That’s where Diguette thought Weistroffer could help. The two thought that if they could get a group of volunteers together and get donations from the community, they could renovate the Scalf home and make it more comfortable for the growing family.
“I thought it was typical Darren,” Weistroffer said. “Darren is always trying to do big things for people. We were excited to help out.”
Weistroffer is the owner/operator of CMK Construction and jumped at the chance to offer his services, and the services of his entire crew, to help out the family. Diguette’s wife, Brittin, arranged for a limousine to take the family to Lexington for a weekend while the crews descended on their home.
The Diguettes, Weistroffer and Weistroffer’s girlfriend, Kristy Rainey, organized volunteers, picked out furniture and decorations and made sure the family was taken care of for the weekend.

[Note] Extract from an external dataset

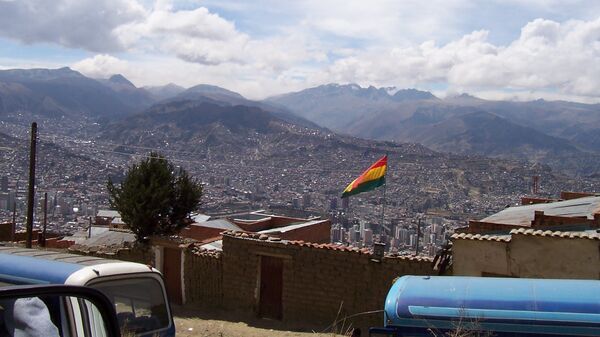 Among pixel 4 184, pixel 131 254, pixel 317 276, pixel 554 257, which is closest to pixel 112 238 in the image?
pixel 131 254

“I was nervous because the more we got into it, the more we wanted to do, and the more we got to know the family, the more we wanted to do,” Weistroffer said.

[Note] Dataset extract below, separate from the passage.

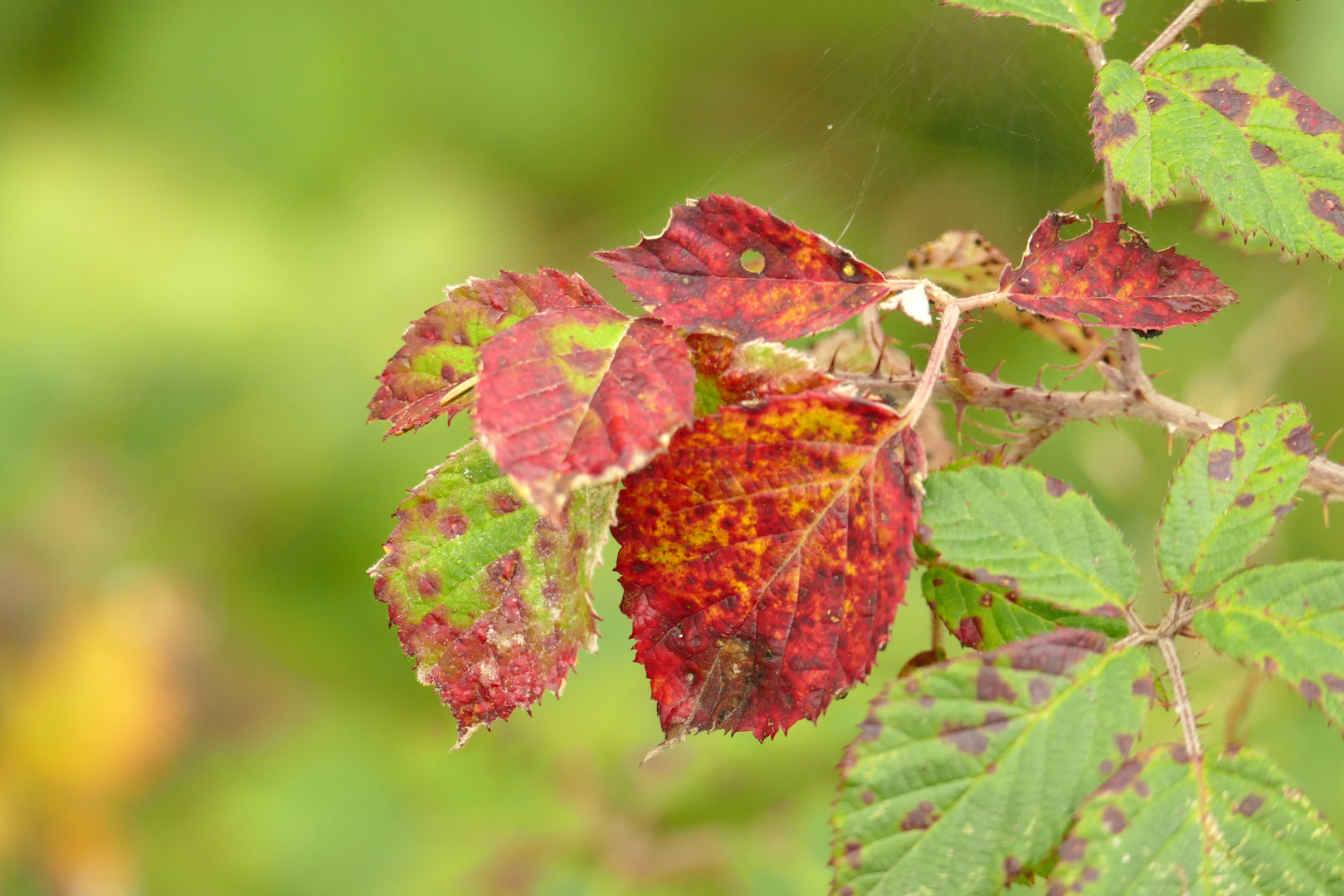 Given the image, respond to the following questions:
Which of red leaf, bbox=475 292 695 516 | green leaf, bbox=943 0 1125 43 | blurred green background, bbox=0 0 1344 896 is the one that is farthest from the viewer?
blurred green background, bbox=0 0 1344 896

The biggest project was converting the garage into bedrooms for Sophie, 9, and Aiden, 7. Although Rainey and Weistroffer met with the family to get their input on the project, the Scalfs weren’t sure what was waiting for them when they walked through their front doors.

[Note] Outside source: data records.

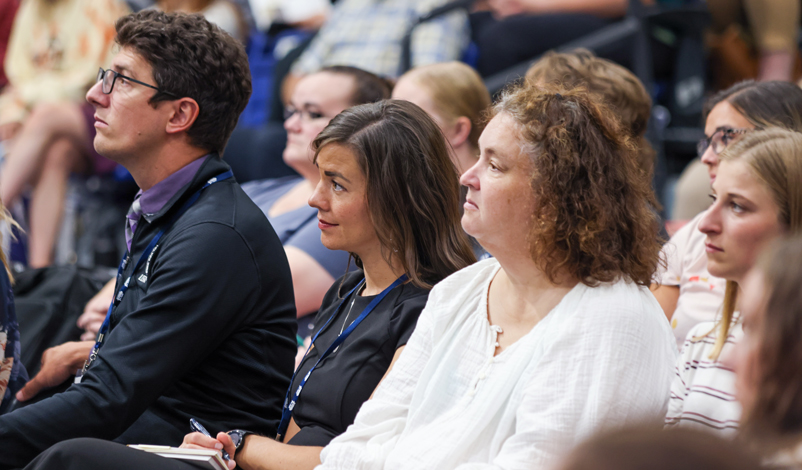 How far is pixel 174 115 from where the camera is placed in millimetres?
2041

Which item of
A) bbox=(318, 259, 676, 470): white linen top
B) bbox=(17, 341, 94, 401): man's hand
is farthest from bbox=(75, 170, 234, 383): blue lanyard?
bbox=(318, 259, 676, 470): white linen top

“This is above and beyond anything we dreamed of,” Amy Scalf said when she saw her children’s new rooms for the first time. “I don’t think there’s even one best part.”
Amy is a teacher at Winchester Christian Academy, and David is a full-time minister at Christ Church of Winchester. When the couple decided to foster and adopt, Amy said, she and David knew it wouldn’t be easy, but their children have been the greatest blessings in their lives.
“We always say six is no different than three. You’re outnumbered anyway,” Amy said.
Aiden spent Sunday afternoon jumping on his new Spiderman bed and Sophie curled up on her new bed to watch movies on a flat screen TV.
For Amy, though, the best part is a new kitchen table big enough to seat her entire family. She and David were also treated to a redecorated bedroom so they could have a space to get away from the kids for awhile.
“It’s incredible,” Amy said of all the renovations.
In 2006, the Scalf family lost three-year-old son Isaac after he suffered a seizure on Christmas Day. Diguette said that, despite the loss, the Scalfs have never hesitated to bring more children into their home. A framed photo hangs on the kitchen wall to remind everyone of the family member not at the new kitchen table.
When it came to helping the Scalfs, there was no shortage of community support.
“There was no task that people were unwilling to do. They worked their hearts out,” Diguette said. “I don’t know that we could’ve imagined how good folks would be.”
The Scalfs admitted that they were overwhelmed by the generosity of so many people.
“Most of these people don’t even know us,” David said of the crowd of volunteers.
Upon seeing her bedroom for the first time, Sophie had a simple response: “Thank you, thank you, thank you!”
More than anything, the Scalfs are excited to see their children so happy and to be able to provide them with a more comfortable home.
“It’s a blessing. … I think this is the plan for our life,” Amy said.